• **WHAT YOU WILL DO**
Could you reproduce the lines below from the one with "Snapshot of BratzieDarsie" through the one with "Chuyên gia Trần"? Keep both ends and add nothing.

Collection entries
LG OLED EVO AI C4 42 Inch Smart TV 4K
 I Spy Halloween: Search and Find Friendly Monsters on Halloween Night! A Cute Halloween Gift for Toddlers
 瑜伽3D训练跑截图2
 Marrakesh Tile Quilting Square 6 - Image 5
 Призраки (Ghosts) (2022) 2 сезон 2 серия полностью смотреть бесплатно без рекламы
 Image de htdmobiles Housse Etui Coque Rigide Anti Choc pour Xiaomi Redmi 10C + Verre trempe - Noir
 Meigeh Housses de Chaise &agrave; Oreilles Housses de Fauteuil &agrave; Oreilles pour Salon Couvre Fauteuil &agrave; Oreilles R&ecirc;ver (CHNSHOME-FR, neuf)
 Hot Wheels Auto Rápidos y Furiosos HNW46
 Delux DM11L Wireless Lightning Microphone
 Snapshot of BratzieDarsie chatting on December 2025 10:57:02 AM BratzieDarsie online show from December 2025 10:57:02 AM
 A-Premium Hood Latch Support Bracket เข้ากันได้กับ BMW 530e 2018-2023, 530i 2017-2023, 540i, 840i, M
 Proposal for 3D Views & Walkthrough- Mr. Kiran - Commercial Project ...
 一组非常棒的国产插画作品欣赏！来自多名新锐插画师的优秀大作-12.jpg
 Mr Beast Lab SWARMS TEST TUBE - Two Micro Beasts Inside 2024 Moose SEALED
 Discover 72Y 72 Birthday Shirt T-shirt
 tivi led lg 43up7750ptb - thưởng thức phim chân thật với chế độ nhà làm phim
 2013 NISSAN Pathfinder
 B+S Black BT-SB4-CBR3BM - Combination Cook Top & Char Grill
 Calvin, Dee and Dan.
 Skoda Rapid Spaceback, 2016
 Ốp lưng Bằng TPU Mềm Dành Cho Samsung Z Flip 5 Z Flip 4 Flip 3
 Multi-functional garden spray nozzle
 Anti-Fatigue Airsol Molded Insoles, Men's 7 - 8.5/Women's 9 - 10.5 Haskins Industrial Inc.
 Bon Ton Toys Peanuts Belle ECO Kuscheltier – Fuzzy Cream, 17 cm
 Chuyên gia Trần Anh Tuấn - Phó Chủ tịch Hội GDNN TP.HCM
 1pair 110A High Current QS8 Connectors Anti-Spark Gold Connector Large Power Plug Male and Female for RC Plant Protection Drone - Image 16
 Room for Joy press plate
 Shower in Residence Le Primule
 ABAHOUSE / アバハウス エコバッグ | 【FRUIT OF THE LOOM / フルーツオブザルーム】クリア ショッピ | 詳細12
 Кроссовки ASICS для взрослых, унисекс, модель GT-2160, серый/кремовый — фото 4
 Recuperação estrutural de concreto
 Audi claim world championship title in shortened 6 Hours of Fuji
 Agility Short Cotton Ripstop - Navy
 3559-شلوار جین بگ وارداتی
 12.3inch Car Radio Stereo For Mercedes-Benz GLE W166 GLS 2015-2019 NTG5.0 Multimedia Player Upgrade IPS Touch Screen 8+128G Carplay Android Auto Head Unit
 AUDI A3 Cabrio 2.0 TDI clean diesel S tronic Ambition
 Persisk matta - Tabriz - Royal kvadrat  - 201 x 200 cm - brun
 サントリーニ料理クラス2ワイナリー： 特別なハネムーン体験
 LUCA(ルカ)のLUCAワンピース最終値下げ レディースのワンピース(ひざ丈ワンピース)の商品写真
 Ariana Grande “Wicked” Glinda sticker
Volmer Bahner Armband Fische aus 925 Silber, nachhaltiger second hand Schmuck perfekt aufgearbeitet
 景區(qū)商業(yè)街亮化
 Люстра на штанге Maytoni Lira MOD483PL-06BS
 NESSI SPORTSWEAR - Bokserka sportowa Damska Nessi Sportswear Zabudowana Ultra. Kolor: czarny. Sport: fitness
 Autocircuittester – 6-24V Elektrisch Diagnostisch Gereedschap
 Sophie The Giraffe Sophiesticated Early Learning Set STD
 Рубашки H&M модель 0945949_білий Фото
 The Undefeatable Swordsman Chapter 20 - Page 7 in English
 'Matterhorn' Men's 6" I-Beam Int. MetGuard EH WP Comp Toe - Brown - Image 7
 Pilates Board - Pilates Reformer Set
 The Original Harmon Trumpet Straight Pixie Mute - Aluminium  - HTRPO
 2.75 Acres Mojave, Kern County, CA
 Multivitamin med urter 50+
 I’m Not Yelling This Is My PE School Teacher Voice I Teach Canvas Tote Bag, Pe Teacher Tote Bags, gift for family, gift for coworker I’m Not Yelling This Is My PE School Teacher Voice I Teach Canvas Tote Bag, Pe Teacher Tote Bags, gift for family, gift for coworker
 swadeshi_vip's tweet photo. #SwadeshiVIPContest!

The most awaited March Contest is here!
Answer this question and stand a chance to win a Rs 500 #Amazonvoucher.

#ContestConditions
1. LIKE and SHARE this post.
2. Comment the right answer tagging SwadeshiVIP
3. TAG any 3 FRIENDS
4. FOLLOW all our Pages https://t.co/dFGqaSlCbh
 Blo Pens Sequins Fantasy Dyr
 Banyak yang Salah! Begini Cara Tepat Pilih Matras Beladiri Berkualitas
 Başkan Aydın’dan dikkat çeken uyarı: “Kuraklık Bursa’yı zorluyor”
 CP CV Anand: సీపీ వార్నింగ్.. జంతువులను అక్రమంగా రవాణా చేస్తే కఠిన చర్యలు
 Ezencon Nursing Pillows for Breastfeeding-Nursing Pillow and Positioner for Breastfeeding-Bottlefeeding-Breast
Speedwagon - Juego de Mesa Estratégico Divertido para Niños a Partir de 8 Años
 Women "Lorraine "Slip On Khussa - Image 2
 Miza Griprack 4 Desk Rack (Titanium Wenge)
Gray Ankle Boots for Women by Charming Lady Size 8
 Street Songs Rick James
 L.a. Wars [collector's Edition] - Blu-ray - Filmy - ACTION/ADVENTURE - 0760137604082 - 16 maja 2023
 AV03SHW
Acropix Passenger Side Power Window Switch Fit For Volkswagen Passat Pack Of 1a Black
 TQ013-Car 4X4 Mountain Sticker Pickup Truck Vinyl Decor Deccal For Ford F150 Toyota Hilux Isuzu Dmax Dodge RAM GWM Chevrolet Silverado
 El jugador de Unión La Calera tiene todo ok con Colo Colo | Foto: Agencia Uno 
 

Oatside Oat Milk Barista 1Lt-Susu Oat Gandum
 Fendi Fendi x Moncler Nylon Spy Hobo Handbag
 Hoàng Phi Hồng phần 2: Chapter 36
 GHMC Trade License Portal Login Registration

• **ANSWER BELOW**
 Snapshot of BratzieDarsie chatting on December 2025 10:57:02 AM BratzieDarsie online show from December 2025 10:57:02 AM
 A-Premium Hood Latch Support Bracket เข้ากันได้กับ BMW 530e 2018-2023, 530i 2017-2023, 540i, 840i, M
 Proposal for 3D Views & Walkthrough- Mr. Kiran - Commercial Project ...
 一组非常棒的国产插画作品欣赏！来自多名新锐插画师的优秀大作-12.jpg
 Mr Beast Lab SWARMS TEST TUBE - Two Micro Beasts Inside 2024 Moose SEALED
 Discover 72Y 72 Birthday Shirt T-shirt
 tivi led lg 43up7750ptb - thưởng thức phim chân thật với chế độ nhà làm phim
 2013 NISSAN Pathfinder
 B+S Black BT-SB4-CBR3BM - Combination Cook Top & Char Grill
 Calvin, Dee and Dan.
 Skoda Rapid Spaceback, 2016
 Ốp lưng Bằng TPU Mềm Dành Cho Samsung Z Flip 5 Z Flip 4 Flip 3
 Multi-functional garden spray nozzle
 Anti-Fatigue Airsol Molded Insoles, Men's 7 - 8.5/Women's 9 - 10.5 Haskins Industrial Inc.
 Bon Ton Toys Peanuts Belle ECO Kuscheltier – Fuzzy Cream, 17 cm
 Chuyên gia Trần Anh Tuấn - Phó Chủ tịch Hội GDNN TP.HCM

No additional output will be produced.